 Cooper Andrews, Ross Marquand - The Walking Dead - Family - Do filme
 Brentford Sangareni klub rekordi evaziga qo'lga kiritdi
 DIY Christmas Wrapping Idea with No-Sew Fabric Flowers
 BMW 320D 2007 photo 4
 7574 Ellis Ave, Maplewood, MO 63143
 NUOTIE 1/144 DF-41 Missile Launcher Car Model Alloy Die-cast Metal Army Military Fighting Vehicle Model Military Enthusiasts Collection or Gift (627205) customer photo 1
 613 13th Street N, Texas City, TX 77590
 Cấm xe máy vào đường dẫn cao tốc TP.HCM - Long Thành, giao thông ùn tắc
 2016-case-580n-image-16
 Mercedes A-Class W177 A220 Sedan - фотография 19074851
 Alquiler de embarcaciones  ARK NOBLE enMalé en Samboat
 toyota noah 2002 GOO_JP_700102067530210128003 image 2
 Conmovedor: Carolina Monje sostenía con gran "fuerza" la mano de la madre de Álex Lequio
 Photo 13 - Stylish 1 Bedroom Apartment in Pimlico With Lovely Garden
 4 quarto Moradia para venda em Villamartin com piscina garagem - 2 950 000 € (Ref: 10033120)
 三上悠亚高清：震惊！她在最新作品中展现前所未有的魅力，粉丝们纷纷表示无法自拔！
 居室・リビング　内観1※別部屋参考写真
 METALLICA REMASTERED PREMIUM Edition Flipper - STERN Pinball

□ □ □

Directions for this task:
Repeat the listing above in full.

Result:
 Cooper Andrews, Ross Marquand - The Walking Dead - Family - Do filme
 Brentford Sangareni klub rekordi evaziga qo'lga kiritdi
 DIY Christmas Wrapping Idea with No-Sew Fabric Flowers
 BMW 320D 2007 photo 4
 7574 Ellis Ave, Maplewood, MO 63143
 NUOTIE 1/144 DF-41 Missile Launcher Car Model Alloy Die-cast Metal Army Military Fighting Vehicle Model Military Enthusiasts Collection or Gift (627205) customer photo 1
 613 13th Street N, Texas City, TX 77590
 Cấm xe máy vào đường dẫn cao tốc TP.HCM - Long Thành, giao thông ùn tắc
 2016-case-580n-image-16
 Mercedes A-Class W177 A220 Sedan - фотография 19074851
 Alquiler de embarcaciones  ARK NOBLE enMalé en Samboat
 toyota noah 2002 GOO_JP_700102067530210128003 image 2
 Conmovedor: Carolina Monje sostenía con gran "fuerza" la mano de la madre de Álex Lequio
 Photo 13 - Stylish 1 Bedroom Apartment in Pimlico With Lovely Garden
 4 quarto Moradia para venda em Villamartin com piscina garagem - 2 950 000 € (Ref: 10033120)
 三上悠亚高清：震惊！她在最新作品中展现前所未有的魅力，粉丝们纷纷表示无法自拔！
 居室・リビング　内観1※別部屋参考写真
 METALLICA REMASTERED PREMIUM Edition Flipper - STERN Pinball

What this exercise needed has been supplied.